- Lwakhakha, Uganda Map of Uganda showing the location of Lwakhakha
- Coordinates: 00°47′48″N 34°22′41″E﻿ / ﻿0.79667°N 34.37806°E
- Country: Uganda
- Region: Eastern Region of Uganda
- Sub-region: Bugisu sub-region
- District: Manafwa District
- Elevation: 1,400 m (4,600 ft)

Population (2011 Estimate)
- • Total: 10,700
- Time zone: UTC+3 (EAT)

= Lwakhakha, Uganda =

Lwakhakha is a town in the Eastern Region of Uganda. It is one of the municipal centers in Manafwa District. The town lies across the international border from Lwakhakha, Kenya.

==Location==
Lwakhakha is approximately 55 km, by road, southeast of Mbale, the nearest large city. This is approximately 19 km, by road, southeast of Manafwa, the site of the district headquarters.
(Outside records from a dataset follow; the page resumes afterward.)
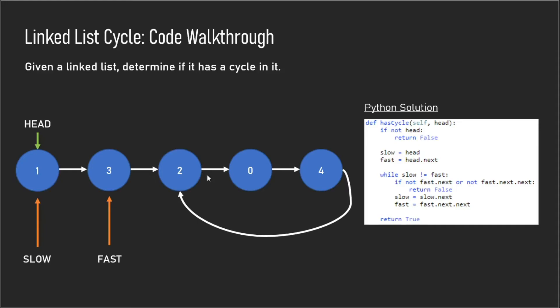In our first iteration, we set the slow pointer equal to head and the fast pointer equal to head.next. Then we enter this loop and we check to see if slow is not equal to fast. When slow is not equal to fast, we know that we have to keep on continuing.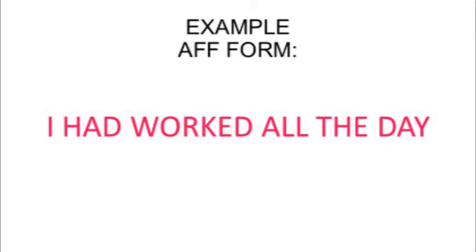What about the negative form? In negative form I can say that it is just add the word not. So for example, it is subject plus had plus not plus verb in participle plus complement. In this case I can say I had not worked all the day, but if I say in short words I can say I hadn't worked all day.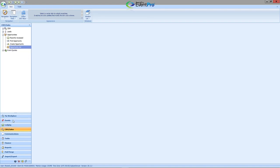By doing so, I've officially added the Create an Event to My Workplace. The EventPro help manual also provides some additional step-by-step instructions.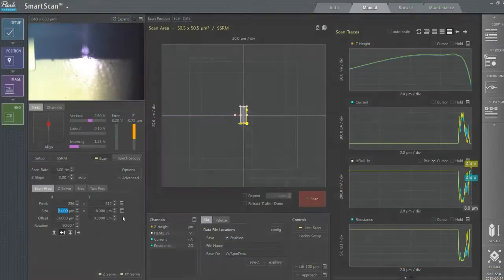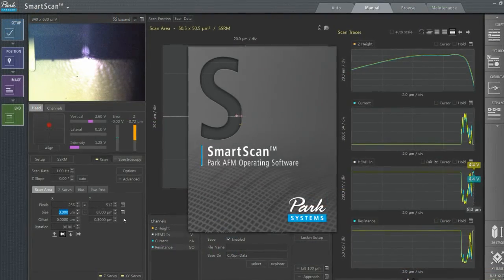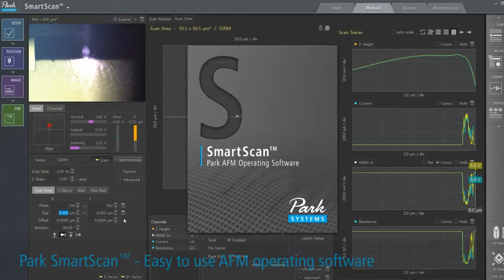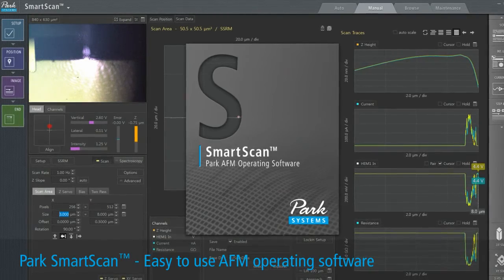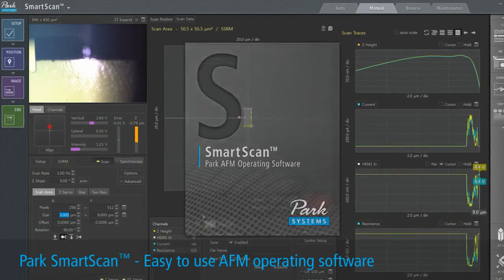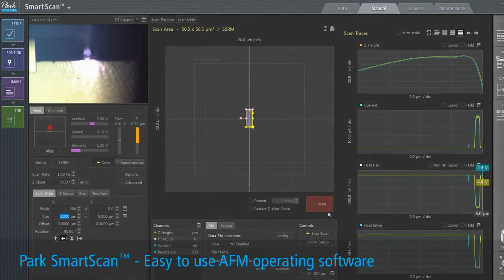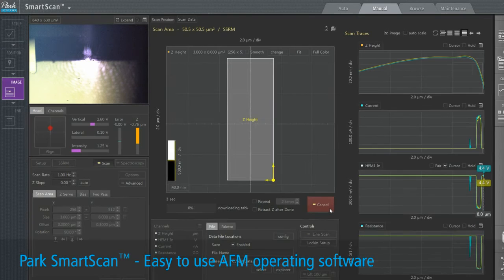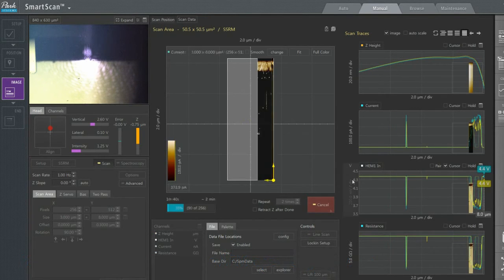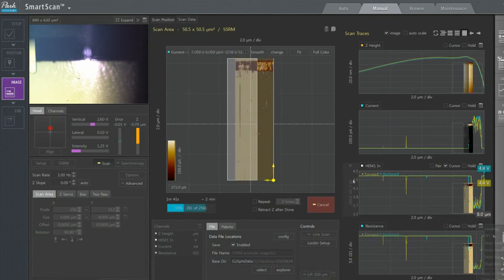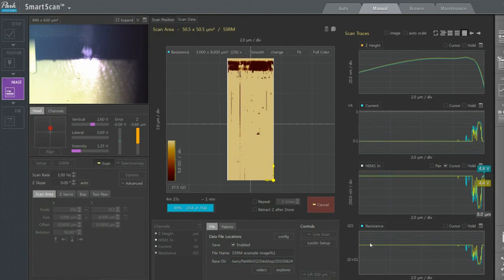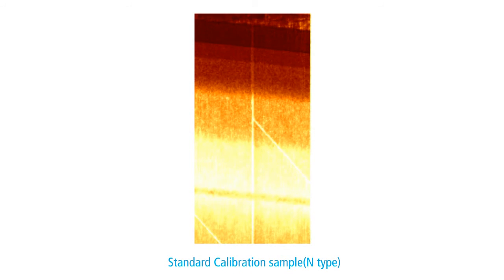Lastly, PARC-NX HIVAC comes with the world's easiest to use AFM operating software, PARC SmartScan. Its auto mode gives users the ability to repeatedly acquire high-quality images with a simple three-click sequence. This gives PARC SmartScan a powerful interface element that supports our commitment to user-friendliness.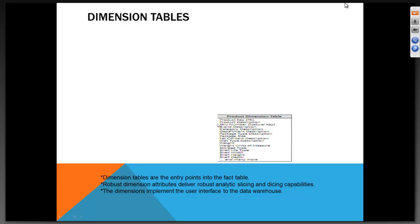Look at the dimension table here. You have a product key, product dimension, SKU number, brand description, category description, department description. What you see is the structure of the table. In a business, in a retail store, let us say every day I am doing some supermarket business. Every day you see a new product coming. Products are not going to be stable. Every day there is a new brand getting introduced.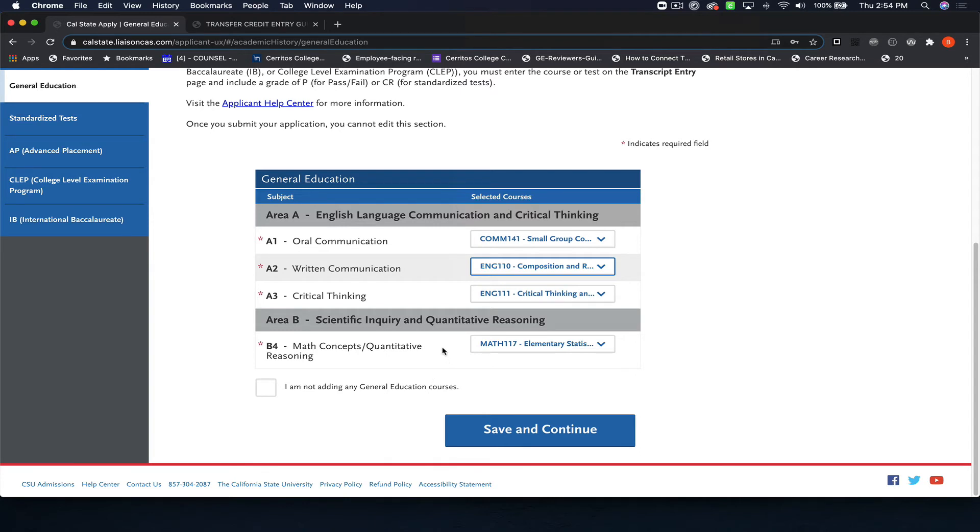If it's a California Community College, you can also look it up on ASSIST. If not, you can meet with one of our counselors to make sure that you are reporting the right classes. Make sure that you don't just guess and that you write down the right class. When ready, click save and continue.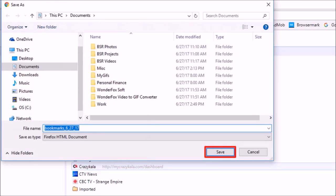Leave the file name as is and make sure you remember in which folder you saved the file.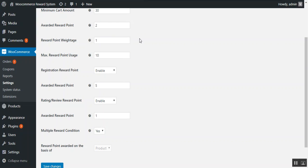Next is the reward point weightage — the value of a single reward point in monetary terms, or the currency of the store. Then there is maximum reward point uses, where the admin enters the number of reward points that can be used in a single successful checkout.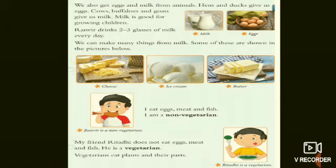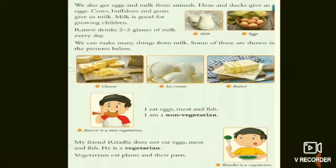Ranveer eats eggs, meat, and fish — he is a non-vegetarian. His friend Rithadi does not eat eggs, meat, and fish — he is a vegetarian. Some people don't eat the flesh of animals or eggs; those are called vegetarians. People who eat the flesh of animals are called non-vegetarians. Vegetarians eat plants and their parts — the foods that come from plants.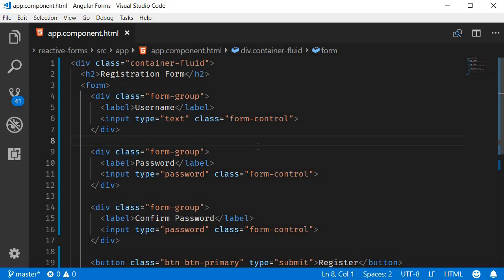Now that the HTML form is ready and can accept inputs, our next step is to create a model for this registration form which makes data exchange possible between the template and the class. I'll see you guys in the next video.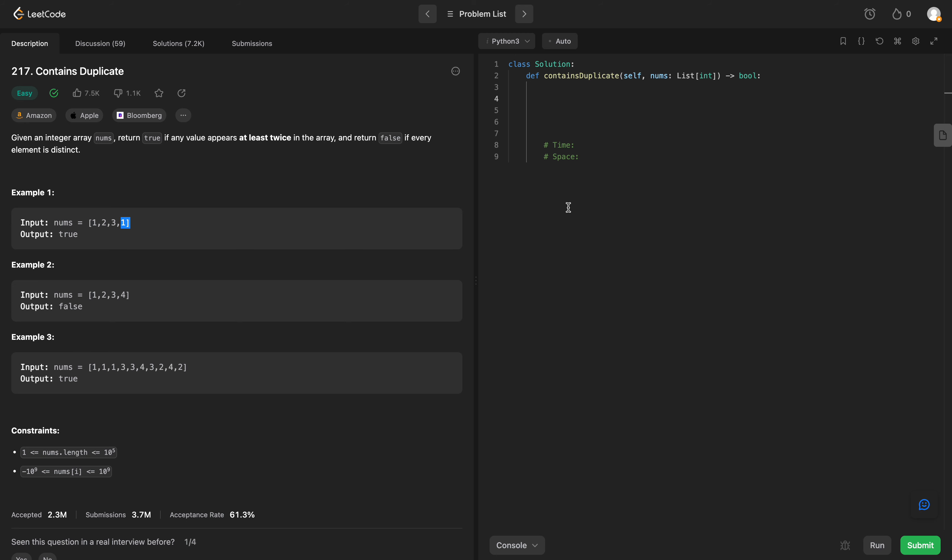So how can we solve this? Well, the easiest way would be to use a set. So let's create one. We'll call it triple S. It's going to be equal to a set.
The coordinates of Lwakhakha, Uganda are 0°47'48.0"N, 34°22'41.0"E (Latitude:0.796667; Longitude:34.378056).

==Population==
During the 2002 national census, the population of Lwakhakha was enumerated at 7,916. In 2010, the Uganda Bureau of Statistics (UBOS) estimated the population at 10,400. In 2011, UBOS estimated the mid-year population to be 10,700.

==Notable people==
- Amos Masaba Wekesa, the founder, proprietor and managing director of Great Lakes Safaris Limited, was born here in 1973.

==Landmarks==
Landmarks in Lwakhakha include the following:

- offices of Lwakhakha Town Council
- Lwakhakha central market
- Bumbobi–Bubulo–Lwakhakha Road
- Embassy Villas Hotel in Lwakhakha town council

==Developments==
In August 2023, The EastAfrican reported that the Kenyan and Ugandan governments were planning to develop one-stop border posts at Lwakhakha, to supplement those at Busia, Malaba and Suam.